«Прошу вас разобрать нижеследующее заявление. Я, Г., за то, что написал вам письмо о Пензенском гнойнике и такое же письмо тов. Хатаевичу — секретарю С.В.О., в которых были описаны действительные факты, подвергаюсь гонению. За это меня сняли в 24 часа с партийной работы в Пензенском округе, налепили ярлык бузотера, благородно отмахнулись в Самарском окружкома от меня по этой же причине (куда я был послан обкомом).
Я спрашиваю, за что? И почему члены партии, делающие партийное дело, подвергаются таким наказаниям, недостойно оплевываются, а преступникам, идущим под суд, покровительствуются, или исключенным из партии за творимые безобразия в Пензенской организации почет и уважение, они «честные пролетарии», так их <…> именует в своей статье тов. Хатаевич»{878}.
Новая инициатива приносит автору не больше успеха, чем первая. Действительно, некоторые обращения заканчиваются победой местной власти, которая, чувствуя угрозу, успокаивает особо ревностных кляузников.
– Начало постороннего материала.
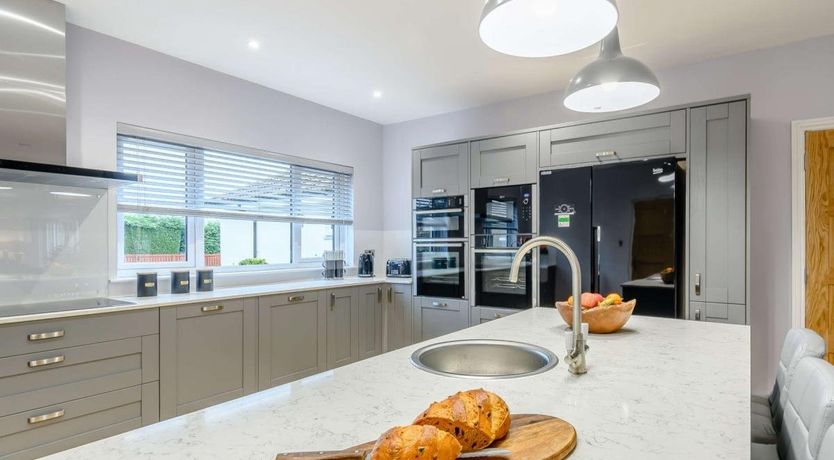 Photo of 5 Bed in Cupar Muir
Как видим, риск, что обращение потерпит неудачу, был велик. Сигнал мог быть положен под сукно на любом этапе — от расследования до момента принятия решения. Более того, под угрозу могла быть поставлена безопасность обращавшегося: потому ли, что его сообщение было ложным, или потому, что обвиняемый, имея сильную поддержку, умудрялся избежать положенной ему печальной участи и затем пользовался этим, чтобы отомстить. Трудно выразить в цифрах долю подобных неудач, но нам она представляется относительно значимой. Не каждое обращение обязательно приводило к аресту того, о ком в нем шла речь, далеко не каждое письмо означало смертную казнь. Не следует поэтому описывать СССР тридцатых годов как страну, где власть отвечала репрессиями на каждый сигнал. Реальность значительно сложнее. Борьба за власть между властными инстанциями на местах и в центре или даже внутри каждой из этих инстанций, вероятно, служила серьезным противовесом. Свою роль в судьбе сигнала играл и случай. И если успех целого ряда обращений, вероятно, служил важным стимулом, совершенно ясно, что надежда на успешный исход не была единственным мотивом действий доносившего.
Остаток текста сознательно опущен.